Lipid ozonation products activate phospholipases A sub(2), C, and D

Ozone exposure, in vitro, has been shown to activate phospholipases A sub(2) (PLA sub(2)), C (PLC), and D (PLD) in airway epithelial cells. However, because of its high reactivity, ozone cannot penetrate far into the air/lung tissue interface. It has been proposed that ozone reacts with unsaturated fatty acids (UFA) in the epithelial lining fluid (ELF) and cell membranes to generate a cascade of lipid ozonation products (LOP) that mediate ozone-induced toxicity. To test this hypothesis, we exposed cultured human bronchial epithelial cells (BEAS-2B) to LOP (1-100 mu M) produced from the ozonation of 1-palmitoyl-2-oleoyl-sn-glycero-3-phosphatidylcholine (POPC) and measured the activity of PLA sub(2), PLC, and PLD. The PLA sub(2) isoform responsible for arachidonic acid release (AA) in stimulated cultures was also characterized.

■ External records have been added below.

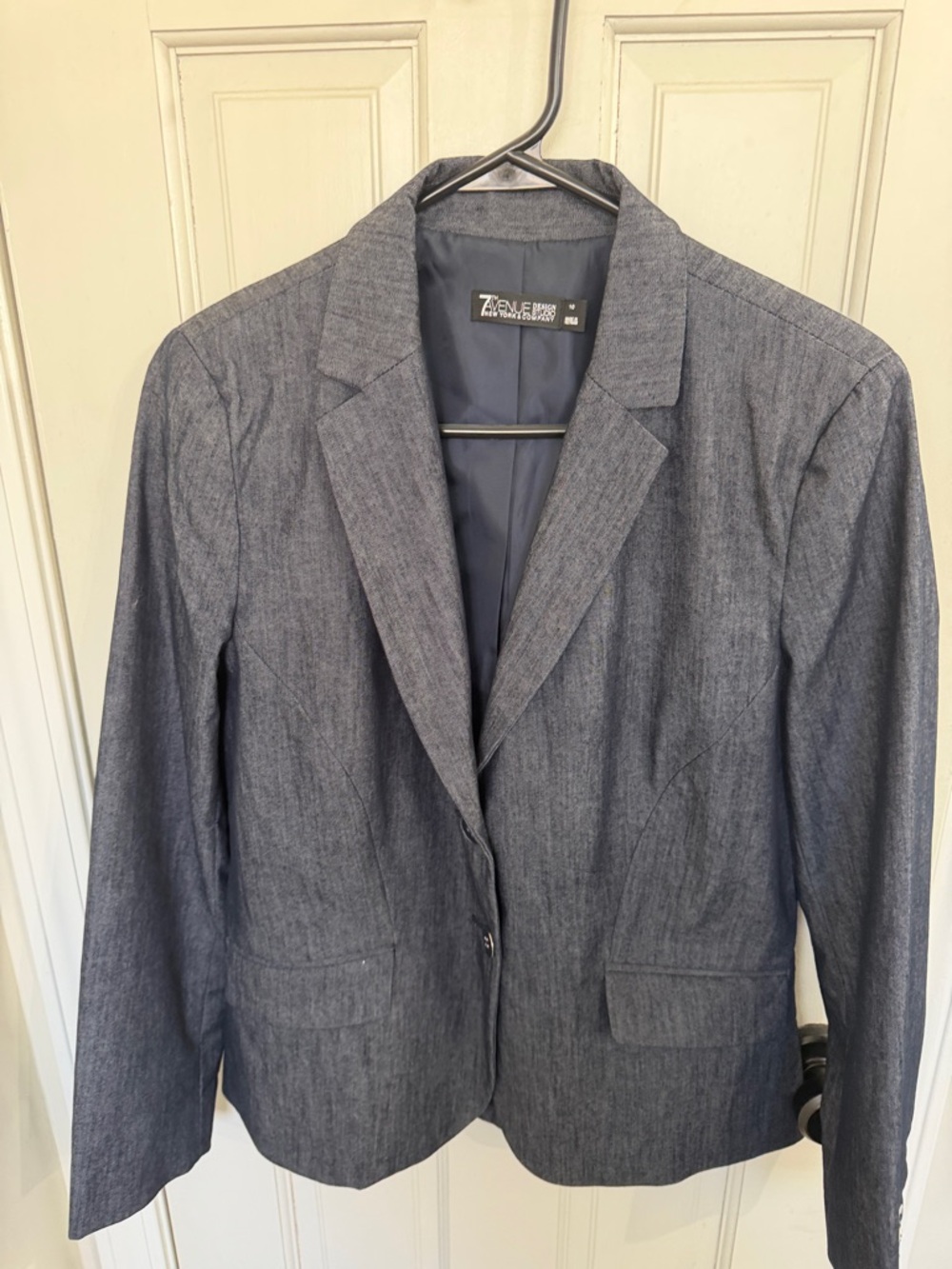 New York & Company Dark Blue Denim-Look Blazer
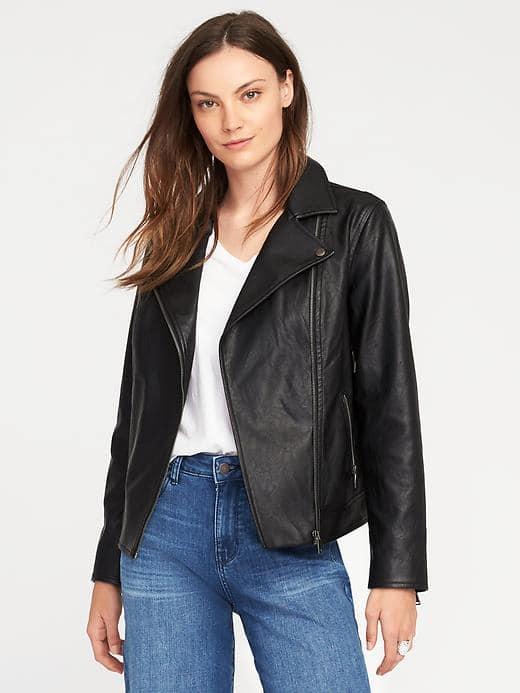Old Navy Faux Leather Moto Jacket For Women - Black
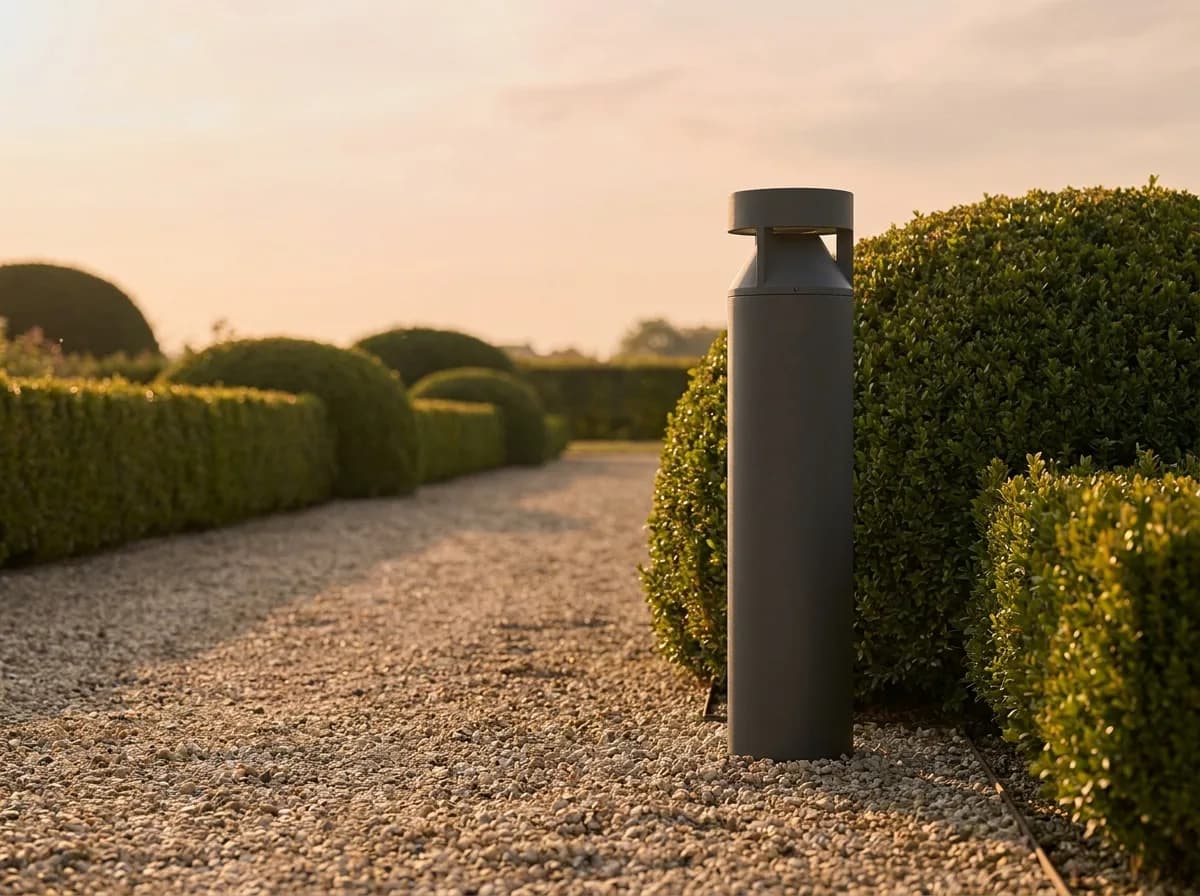 Borne d'éclairage cylindrique en fonte d'aluminium noir sable au bord d'une allée de gravier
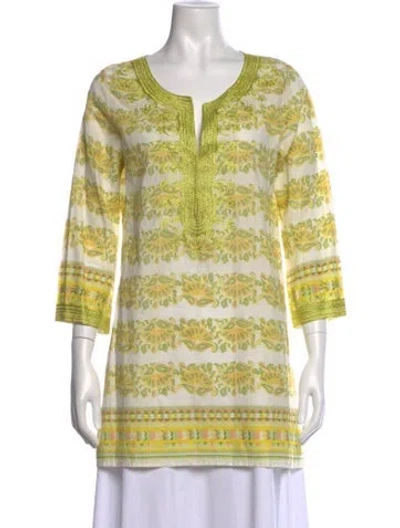 Pre-owned Calypso St Barth Floral Print V-neck Tunic In Yellow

Activation of PLA sub(2), PLC, and PLD by three oxidants, hydrogen peroxide (H sub(2)O sub(2)), tert-butyl hydroperoxide (t-BOOH) and 2,2'-azobis(2-amidinopropane)dihydrochloride (AAPH) also was measured and compared to that of LOP. The derivatives of ozonized POPC at the sn-2 residue, 9-oxononanoyl (PC-ALD), 9-hydroxy-9-hydroperoxynonanoyl (PC-HHP), and 8-(-5-octyl-1,2,4-trioxolan-3-yl-) octanoyl (POPC-OZ) selectively activated PLA sub(2) in a dose-dependent fashion. Cytosolic PLA sub(2) (cPLA sub(2)) measured in the cytosolic fraction of stimulated cell lysates was found to be the predominant isoform responsible for AA release. PLC activation was exclusively induced by the hydroxyhydroperoxide derivatives. PC-HHP and the 9-carbon hydroxyhydroperoxide (HHP-C9) increased PLC activity. PLD activity also was induced by LOP generated from POPC. Incubation of cultures with H sub(2)O sub(2) alone did not stimulate PLC; however, in the presence of the aldehyde, nonanal, a 62 plus or minus 2% increase in PLC activity was found, suggesting that the increase in activity was due to the formation of the intermediate HHP-C9. t-BOOH, and AAPH also failed to induce PLA sub(2) activation, but did activate PLC, under conditions of exposure identical to that of LOP. Only t-BOOH activated PLD. These results suggest that biologically relevant concentrations of LOP activate PLA sub(2), PLC, and PLD in the airway epithelial cell, a primary target to ozone exposure. The activation of these phospholipases may play a role in the development of lung inflammation during ozone exposure.